Task item: All lines below starting at the one that holds "จิตสังหารเลือดมังกร ตอนที่ 57 หน้า 11" and ending at the one that holds "لقطة الشاشة 2025-07-11 230014.png" should be printed exactly, ends included. Pictures should not be printed, nor anything else.

Given entries:
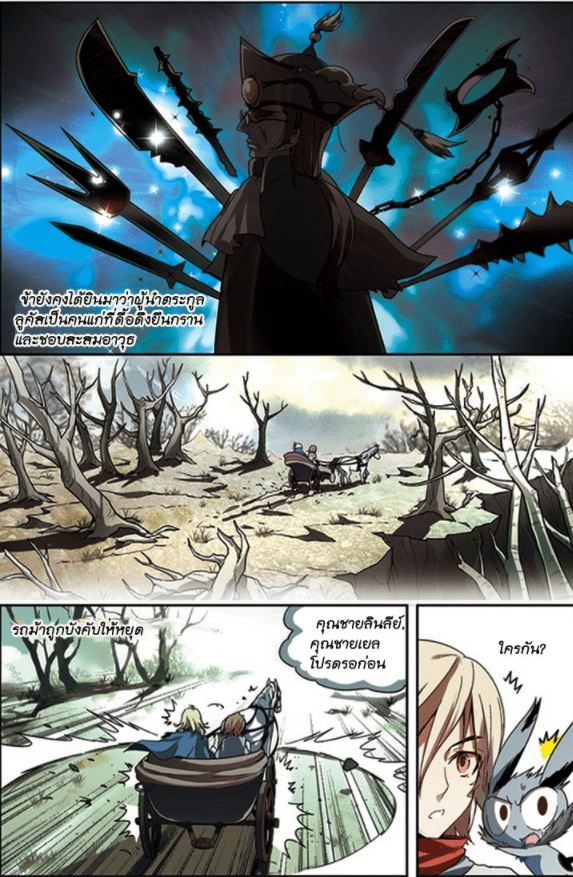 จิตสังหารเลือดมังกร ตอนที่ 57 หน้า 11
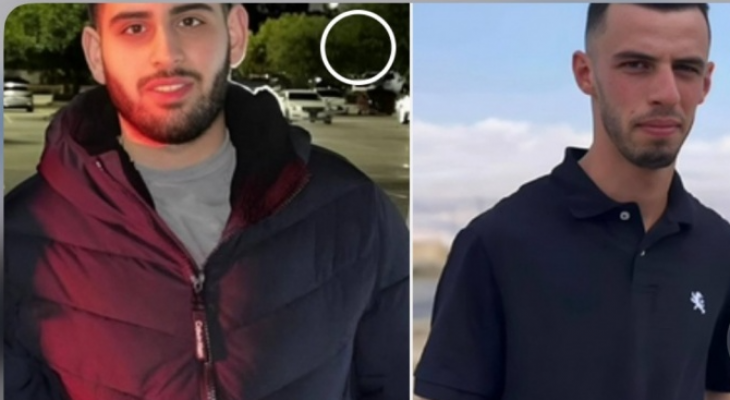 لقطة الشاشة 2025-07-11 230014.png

...

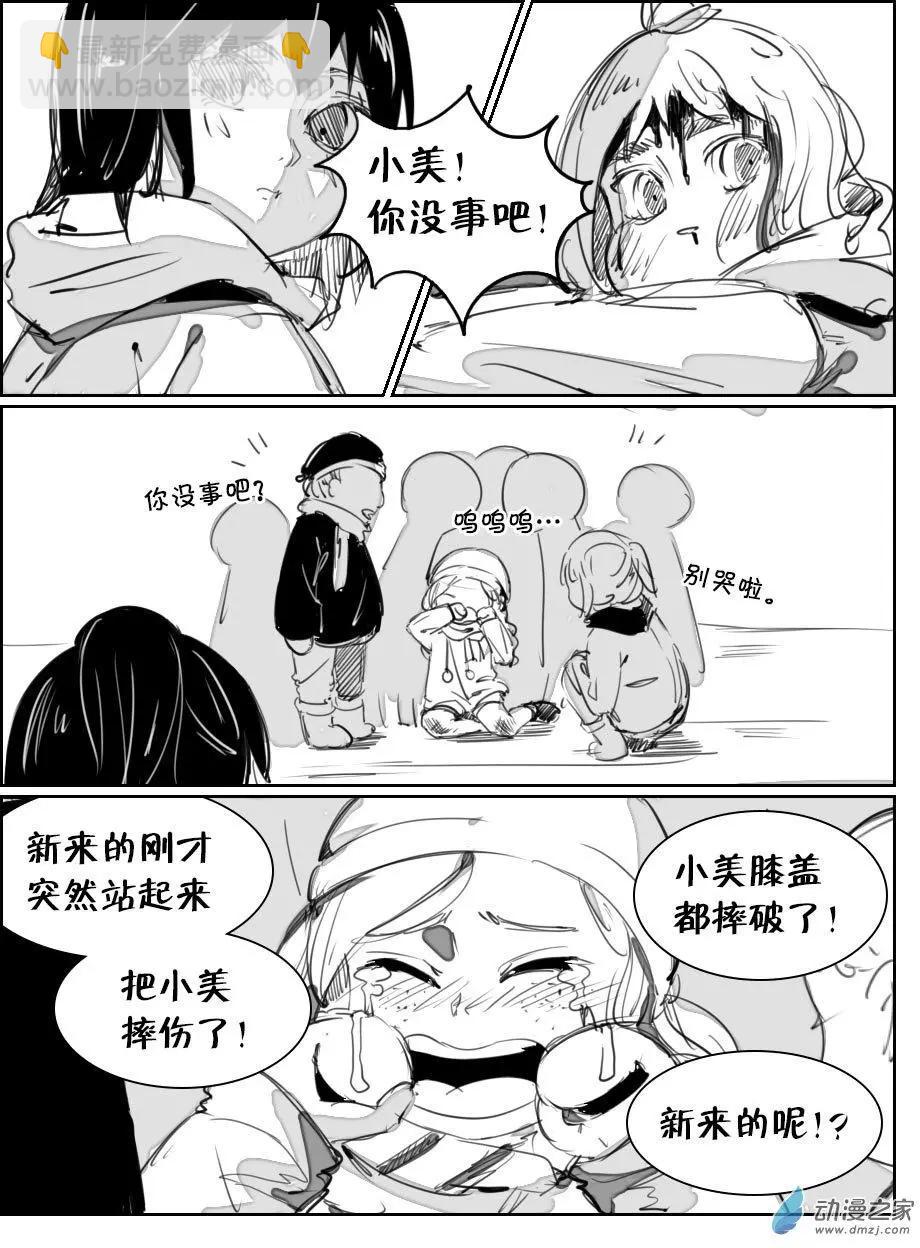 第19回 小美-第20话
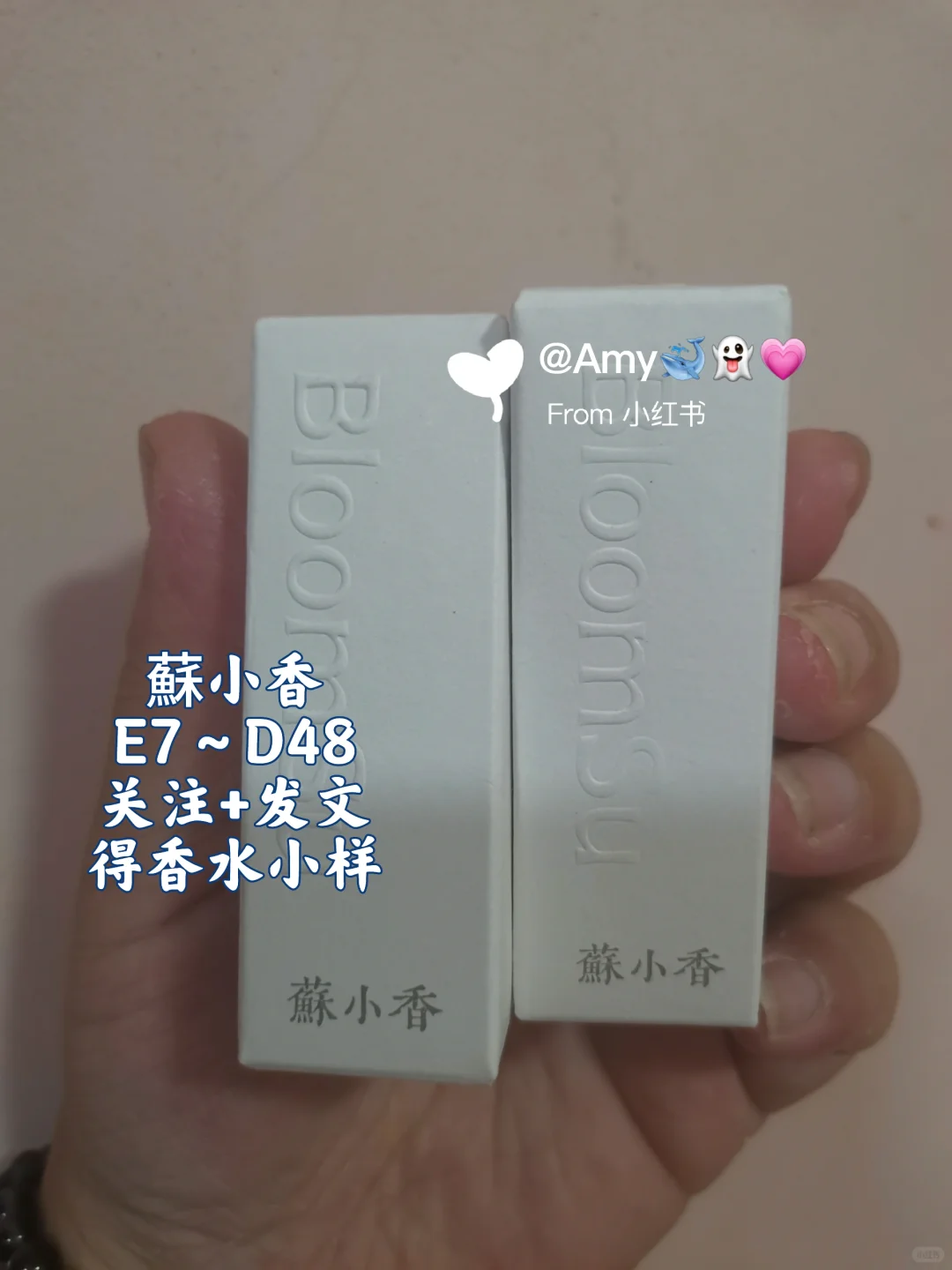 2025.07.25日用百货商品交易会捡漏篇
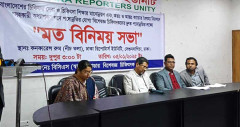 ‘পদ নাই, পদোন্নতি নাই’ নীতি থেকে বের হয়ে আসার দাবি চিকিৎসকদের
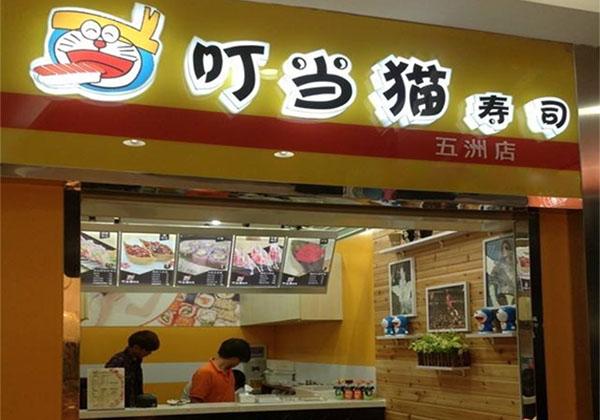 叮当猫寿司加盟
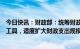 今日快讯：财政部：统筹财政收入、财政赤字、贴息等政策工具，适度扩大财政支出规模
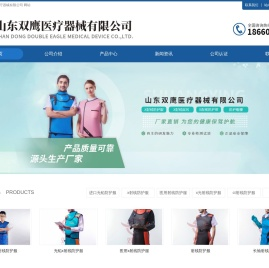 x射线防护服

* * *

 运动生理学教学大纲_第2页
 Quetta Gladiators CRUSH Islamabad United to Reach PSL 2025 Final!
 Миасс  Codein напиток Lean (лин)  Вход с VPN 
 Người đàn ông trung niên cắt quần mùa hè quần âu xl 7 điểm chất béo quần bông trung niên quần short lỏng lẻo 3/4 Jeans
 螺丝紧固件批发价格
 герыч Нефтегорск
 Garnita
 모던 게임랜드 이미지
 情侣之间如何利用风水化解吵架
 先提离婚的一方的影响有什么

Answer section:
 จิตสังหารเลือดมังกร ตอนที่ 57 หน้า 11
 لقطة الشاشة 2025-07-11 230014.png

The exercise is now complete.